Beginning with the line where "64fa7c22bfc60.png 0.png" occurs, transcribe every line exactly through the last line of the listing below, and no others.
*** Extracted material ***
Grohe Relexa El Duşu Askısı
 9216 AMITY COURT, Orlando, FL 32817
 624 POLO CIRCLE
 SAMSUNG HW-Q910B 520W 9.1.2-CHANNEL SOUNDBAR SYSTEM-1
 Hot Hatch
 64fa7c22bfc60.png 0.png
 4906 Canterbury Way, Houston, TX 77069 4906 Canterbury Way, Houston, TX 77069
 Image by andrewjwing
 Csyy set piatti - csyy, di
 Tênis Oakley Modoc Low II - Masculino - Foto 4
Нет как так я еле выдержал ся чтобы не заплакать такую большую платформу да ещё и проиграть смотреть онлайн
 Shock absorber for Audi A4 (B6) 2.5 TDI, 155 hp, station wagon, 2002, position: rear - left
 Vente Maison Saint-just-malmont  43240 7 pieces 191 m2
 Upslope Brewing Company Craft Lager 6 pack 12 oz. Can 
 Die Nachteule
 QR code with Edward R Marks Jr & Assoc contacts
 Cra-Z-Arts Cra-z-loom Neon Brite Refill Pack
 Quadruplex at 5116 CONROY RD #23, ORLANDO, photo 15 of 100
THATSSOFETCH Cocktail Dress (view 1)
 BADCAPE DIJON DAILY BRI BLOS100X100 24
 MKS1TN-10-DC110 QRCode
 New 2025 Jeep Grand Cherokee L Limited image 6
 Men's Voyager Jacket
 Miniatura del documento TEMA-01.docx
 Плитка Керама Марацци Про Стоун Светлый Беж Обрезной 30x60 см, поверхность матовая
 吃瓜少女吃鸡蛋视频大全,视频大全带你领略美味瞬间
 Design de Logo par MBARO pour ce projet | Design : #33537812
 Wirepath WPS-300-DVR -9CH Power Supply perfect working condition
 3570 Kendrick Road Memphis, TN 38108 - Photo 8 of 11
*** End of Extracted material ***
Exercise response:
 64fa7c22bfc60.png 0.png
 4906 Canterbury Way, Houston, TX 77069 4906 Canterbury Way, Houston, TX 77069
 Image by andrewjwing
 Csyy set piatti - csyy, di
 Tênis Oakley Modoc Low II - Masculino - Foto 4
Нет как так я еле выдержал ся чтобы не заплакать такую большую платформу да ещё и проиграть смотреть онлайн
 Shock absorber for Audi A4 (B6) 2.5 TDI, 155 hp, station wagon, 2002, position: rear - left
 Vente Maison Saint-just-malmont  43240 7 pieces 191 m2
 Upslope Brewing Company Craft Lager 6 pack 12 oz. Can 
 Die Nachteule
 QR code with Edward R Marks Jr & Assoc contacts
 Cra-Z-Arts Cra-z-loom Neon Brite Refill Pack
 Quadruplex at 5116 CONROY RD #23, ORLANDO, photo 15 of 100
THATSSOFETCH Cocktail Dress (view 1)
 BADCAPE DIJON DAILY BRI BLOS100X100 24
 MKS1TN-10-DC110 QRCode
 New 2025 Jeep Grand Cherokee L Limited image 6
 Men's Voyager Jacket
 Miniatura del documento TEMA-01.docx
 Плитка Керама Марацци Про Стоун Светлый Беж Обрезной 30x60 см, поверхность матовая
 吃瓜少女吃鸡蛋视频大全,视频大全带你领略美味瞬间
 Design de Logo par MBARO pour ce projet | Design : #33537812
 Wirepath WPS-300-DVR -9CH Power Supply perfect working condition
 3570 Kendrick Road Memphis, TN 38108 - Photo 8 of 11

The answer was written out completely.